Afrânio Mendes Catani

Programa de Pós-Graduação em Educação e Programa de Pós-Graduação em Integração da América Latina da Universidade de São Paulo

BOURDIEU, Pierre. Pierre Bourdieu entrevistado por Maria Andréa Loyola. Rio de Janeiro: EdUERJ, 2002, 98p.

Esse pequeno livro abre a coleção "Pensamento Contemporâneo", organizada pela professora Maria Andréa Loyola e editada pela Universidade Estadual do Rio de Janeiro, reunindo entrevistas com cientistas brasileiros e de outros países, realizada para a série de televisão "Pensamento Contemporâneo", transmitida pelo Canal Universitário do Rio de Janeiro (UTV). As entrevistas apresentam, fundamentalmente, a contribuição desses intelectuais para o desenvolvimento de sua própria disciplina, acompanhada de depoimentos sobre o pensador, de lista contendo seus textos mais importantes e indicando, no caso dos estrangeiros, as traduções disponíveis em português.

O livro de estréia da série é dedicado ao sociólogo francês Pierre Bourdieu (1930-2002), contendo o depoimento concedido a 27 de outubro de 1999, em Paris, de sua sala no Collège de France, com a duração de quase cinco horas. Filmada integralmente pelo cineasta Pierre Carles (que aproveitou parte dela em seu filme La sociologie est un sport de combat (A sociologia é um esporte de combate,2001), essa entrevista foi editada, reduzindo-se a uma hora e trinta minutos e recebeu o acréscimo dos depoimentos de Moacir Palmeira e Sergio Miceli, "primeiros professores brasileiros a divulgar o trabalho de Bourdieu em nosso país" (p. 11).
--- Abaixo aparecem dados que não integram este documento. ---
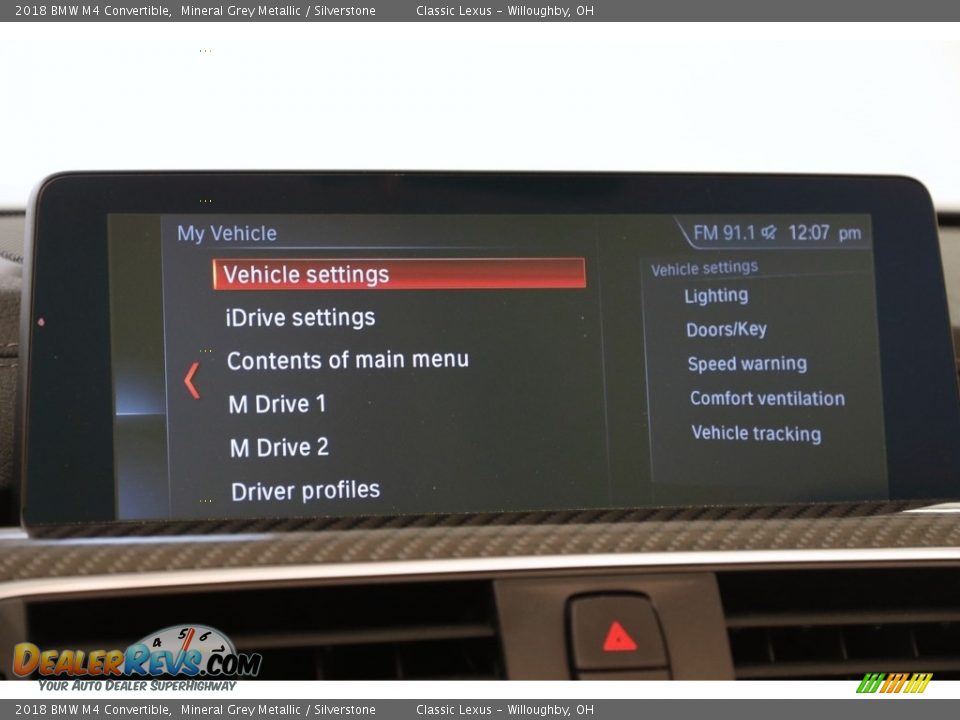 2018 BMW M4 Convertible Mineral Grey Metallic / Silverstone Photo #16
Bourdieu mostra-se relativamente descontraído, falando de sua trajetória, expondo as idéias centrais que desenvolveu ao longo da volumosa obra que escreveu, bem como abordando de forma mais específica temas como globalização, neoliberalismo, papel das organizações não-governamenteais, ação do Fundo Monetário Internacional, televisão, dominação masculina, dentre outros (p. 12).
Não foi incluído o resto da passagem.